New head of Austrian bishops is ex-soldier who taught metaphysics

New head of Austrian bishops is ex-soldier who taught metaphysics

Archbishop Franz Lackner of Salzburg is the new president of the Austrian bishops' conference, succeeding Vienna Cardinal Christoph Schonborn, who held the office for 22 years.
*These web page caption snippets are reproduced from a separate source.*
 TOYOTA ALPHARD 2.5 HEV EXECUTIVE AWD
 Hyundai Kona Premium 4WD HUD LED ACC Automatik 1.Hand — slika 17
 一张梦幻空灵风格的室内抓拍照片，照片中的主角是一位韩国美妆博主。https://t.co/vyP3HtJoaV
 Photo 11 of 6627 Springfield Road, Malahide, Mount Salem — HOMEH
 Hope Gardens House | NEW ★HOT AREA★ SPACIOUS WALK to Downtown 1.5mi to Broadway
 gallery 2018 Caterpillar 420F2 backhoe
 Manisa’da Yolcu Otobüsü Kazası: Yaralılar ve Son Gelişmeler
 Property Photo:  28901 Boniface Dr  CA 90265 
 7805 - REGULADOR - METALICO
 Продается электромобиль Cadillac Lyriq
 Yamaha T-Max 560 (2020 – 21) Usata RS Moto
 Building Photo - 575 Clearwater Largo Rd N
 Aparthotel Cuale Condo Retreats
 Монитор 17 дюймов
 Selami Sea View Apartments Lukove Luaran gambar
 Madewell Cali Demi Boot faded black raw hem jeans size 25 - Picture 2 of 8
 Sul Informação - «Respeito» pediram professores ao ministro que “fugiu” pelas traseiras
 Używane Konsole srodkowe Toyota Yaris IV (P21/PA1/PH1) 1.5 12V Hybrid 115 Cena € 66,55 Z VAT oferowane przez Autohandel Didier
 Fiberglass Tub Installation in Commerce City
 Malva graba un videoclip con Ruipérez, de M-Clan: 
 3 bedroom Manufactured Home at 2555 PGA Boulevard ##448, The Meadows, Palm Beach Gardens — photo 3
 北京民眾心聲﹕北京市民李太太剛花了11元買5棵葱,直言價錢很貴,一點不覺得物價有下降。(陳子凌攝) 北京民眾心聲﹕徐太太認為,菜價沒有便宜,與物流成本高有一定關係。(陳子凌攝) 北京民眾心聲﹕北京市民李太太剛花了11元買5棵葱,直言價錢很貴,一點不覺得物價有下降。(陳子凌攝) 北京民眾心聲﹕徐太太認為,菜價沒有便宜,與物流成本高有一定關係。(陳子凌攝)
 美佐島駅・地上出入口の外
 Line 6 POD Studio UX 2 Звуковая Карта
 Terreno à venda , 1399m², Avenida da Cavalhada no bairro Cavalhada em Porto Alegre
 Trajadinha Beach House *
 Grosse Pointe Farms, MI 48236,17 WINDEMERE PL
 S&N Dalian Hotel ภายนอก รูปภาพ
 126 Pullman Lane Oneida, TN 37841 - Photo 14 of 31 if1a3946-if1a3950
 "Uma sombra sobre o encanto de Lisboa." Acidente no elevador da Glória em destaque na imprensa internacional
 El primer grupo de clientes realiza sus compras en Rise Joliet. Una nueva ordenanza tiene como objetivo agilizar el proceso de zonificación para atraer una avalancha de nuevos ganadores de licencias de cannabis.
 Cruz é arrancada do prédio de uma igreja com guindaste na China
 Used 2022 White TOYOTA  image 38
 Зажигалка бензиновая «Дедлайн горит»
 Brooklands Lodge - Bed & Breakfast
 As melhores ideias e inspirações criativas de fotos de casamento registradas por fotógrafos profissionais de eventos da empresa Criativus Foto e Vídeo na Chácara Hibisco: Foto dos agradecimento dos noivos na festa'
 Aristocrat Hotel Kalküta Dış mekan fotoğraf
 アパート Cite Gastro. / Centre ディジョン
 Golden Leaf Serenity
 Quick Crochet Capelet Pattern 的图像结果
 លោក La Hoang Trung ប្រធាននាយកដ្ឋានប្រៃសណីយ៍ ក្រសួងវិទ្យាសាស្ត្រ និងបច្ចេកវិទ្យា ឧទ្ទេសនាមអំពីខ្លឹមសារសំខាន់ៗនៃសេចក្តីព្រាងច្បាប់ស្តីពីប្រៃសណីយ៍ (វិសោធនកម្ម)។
Lackner is pictured in a 2018 file photo. (Credit: Paul Wuthe, kathpress via KNA-CNS.)

Salzburg Archbishop Franz Lackner, 63, is the new president of the Austrian bishops’ conference, succeeding Vienna Cardinal Christoph Schonborn, 75, who held the office for 22 years.

MARIAZELL, Austria — Salzburg Archbishop Franz Lackner, 63, is the new president of the Austrian bishops’ conference, succeeding Vienna Cardinal Christoph Schonborn, 75, who held the office for 22 years.

Archbishop Lackner grew up on a small farm in Styria, a state in southern Austria, reported the German Catholic news agency KNA. After leaving school, he started an apprenticeship as an electrician.

His decision to become a priest evolved in Cyprus, where in 1978-79 he served as a soldier with Austrian troops supporting the United Nations.

He entered the Franciscan order in 1984 and took the religious name Franz, or Francis. He was ordained a priest in 1991. After studying theology and philosophy in Vienna and Rome, he taught metaphysics in Rome.

In 1999, he became superior of the Franciscan province of Vienna. He taught philosophy at the pontifical university in Heiligenkreuz.

In 2002, he was appointed auxiliary bishop in the Diocese of Graz-Seckau. In November 2013, he was named archbishop of Salzburg.

He has been deputy president of the Austrian bishops’ conference since 2015.

The conference consists of 15 members, including nine diocesan bishops. About 5 million Catholics live in Austria, making up about 55% of the population.

Cardinal Schonborn took over as president of the bishops’ conference as the country was still reeling from the 1995 resignation of Vienna Cardinal Hans Hermann Groer, who was accused of having sexually abused minors. A 2004 sex scandal at a Catholic seminary added to his difficulties.

But many have given Cardinal Schonborn high marks for guiding a difficult dialogue with dissident groups and disaffected Catholics in the country. He worked with organized dissent from clergy and laity seeking church reforms, including admitting women to the priesthood.

In August 2001, Cardinal Schonborn said the ongoing discussions between Austria’s laity and church officials was a sign of diversity in the Catholic Church and not an indication of serious tensions.